# Skeeter-Subday



## Steelhead Fever (Dec 31, 2009)

I think were headed to skeeter tomorrow.Not sure what exact time...Im sure between 7-9.....Anyone going? There will be me(small dude) and dad(big guy)...no shanty....Cant wait to use the vexilar and the new "toys" LOL...See ya on the ice....S.f.....


----------



## Jigging Jim (Apr 3, 2010)

Good luck - and be safe!


----------



## tomb (Oct 9, 2004)

We'll be out on the south end somewhere. North end hasn't been good to us so far.


----------



## Steelhead Fever (Dec 31, 2009)

ok guys well be oout there "somewhere" as well


----------



## Steelhead Fever (Dec 31, 2009)

1st off---I LOVE THE VEXILAR:bananajump::bananajump::bananajump:.....IT is such an awesome tool...we wanted to get some gills as we were about 1/2 to where we wanted to fish and all of a sudden we hear a crack coming...it went right in between me and my dad and we were high tailing our a$$ es out of there!!lol we ended up going to 305....my dad pulled out the victory between us lol...he pulled a crappie real quick,and it was a keeper....right after that he got a huge bass...he said it was one of his biggest from MOSQUITO...all time...and his 1st through the ice...after that we got nothing....we got cold and called it.....it was still a good day however......s.f.


----------



## Steelhead Fever (Dec 31, 2009)

heres the nice bass!!


----------



## allwayzfishin (Apr 30, 2008)

nice fish guys!!! that vex should put more and more big fish on the ice as the season progresses. great job


----------



## BIGDADDYDB (Jul 1, 2006)

I know it's super scary but that is actually the lake making ice. Colder it is, the more ice it makes and the scarier it is! Especially when you are on super clear ice.


----------



## fish master (Dec 24, 2005)

i dont mind the cracking its the shifting and dropping that still gets me,north end of skeeter is good fer that when the pressure crack splits,last year it happend and the gps moved 3 feet felt real weird to.


Steelhead Fever said:


> 1st off---I LOVE THE VEXILAR:bananajump::bananajump::bananajump:.....IT is such an awesome tool...we wanted to get some gills as we were about 1/2 to where we wanted to fish and all of a sudden we hear a crack coming...it went right in between me and my dad and we were high tailing our a$$ es out of there!!lol we ended up going to 305....my dad pulled out the victory between us lol...he pulled a crappie real quick,and it was a keeper....right after that he got a huge bass...he said it was one of his biggest from MOSQUITO...all time...and his 1st through the ice...after that we got nothing....we got cold and called it.....it was still a good day however......s.f.


----------



## Steelhead Fever (Dec 31, 2009)

that is what I thought but we were still freaked out lol...we are fairly new to this "addiction" so we just got out...the ice there was all completely clear 3.5-4 in. so Im sure thats what it was....thanks guys.....


----------



## MuskieManOhio (Jun 29, 2008)

steelhead what did you guys get em on if you dont mind telling me im new to this stuff!!!


----------



## Steelhead Fever (Dec 31, 2009)

the two fish came on a sonar with a minnow head...


----------



## nixmkt (Mar 4, 2008)

BIGDADDYDB said:


> I know it's super scary but that is actually the lake making ice. Colder it is, the more ice it makes and the scarier it is! Especially when you are on super clear ice.
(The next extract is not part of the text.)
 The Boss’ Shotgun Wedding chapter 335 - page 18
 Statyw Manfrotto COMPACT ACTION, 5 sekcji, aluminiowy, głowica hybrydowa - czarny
And its even more "fun" at night. 

Nice fish S.F.!


----------



## Eliminator (Aug 26, 2006)

Yep, below 30 degrees = cracks good

above 32 degrees = cracks bad

But..... you can never be too cautious out there.


----------



## MuskieManOhio (Jun 29, 2008)

Steelhead Fever said:


> the two fish came on a sonar with a minnow head...


Thank you steel greatly appeciated!


----------



## Steelhead Fever (Dec 31, 2009)

MuskieManOhio said:


> Thank you steel greatly appeciated!


no problem..anytime!!....when are you planning on heading out?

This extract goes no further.